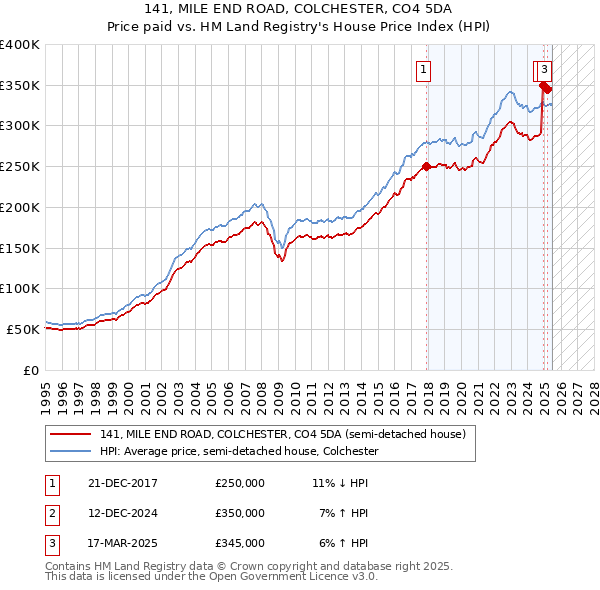 141, MILE END ROAD, COLCHESTER, CO4 5DA: Price paid vs HM Land Registry's House Price Index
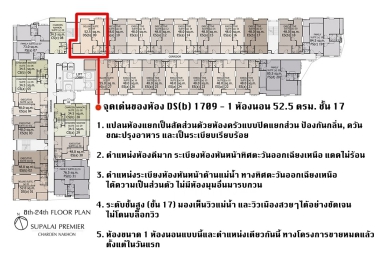 Supalai Premier Charoen Nakhon - Image 27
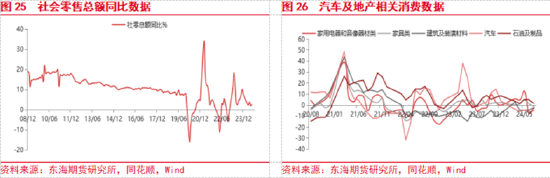 東海期貨：美聯(lián)儲(chǔ)即將開啟降息，國內(nèi)政策支持力度有待增強(qiáng)  第14張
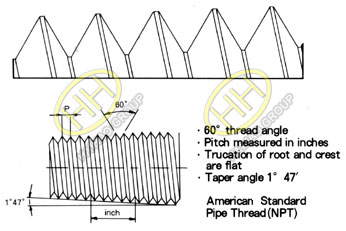 American standard pipe thread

+++++

Instructions to follow »
No image belongs in the copy. Transcribe the full listing verbatim.

Response below »
 141, MILE END ROAD, COLCHESTER, CO4 5DA: Price paid vs HM Land Registry's House Price Index
 Supalai Premier Charoen Nakhon - Image 27
 東海期貨：美聯(lián)儲(chǔ)即將開啟降息，國內(nèi)政策支持力度有待增強(qiáng)  第14張
 American standard pipe thread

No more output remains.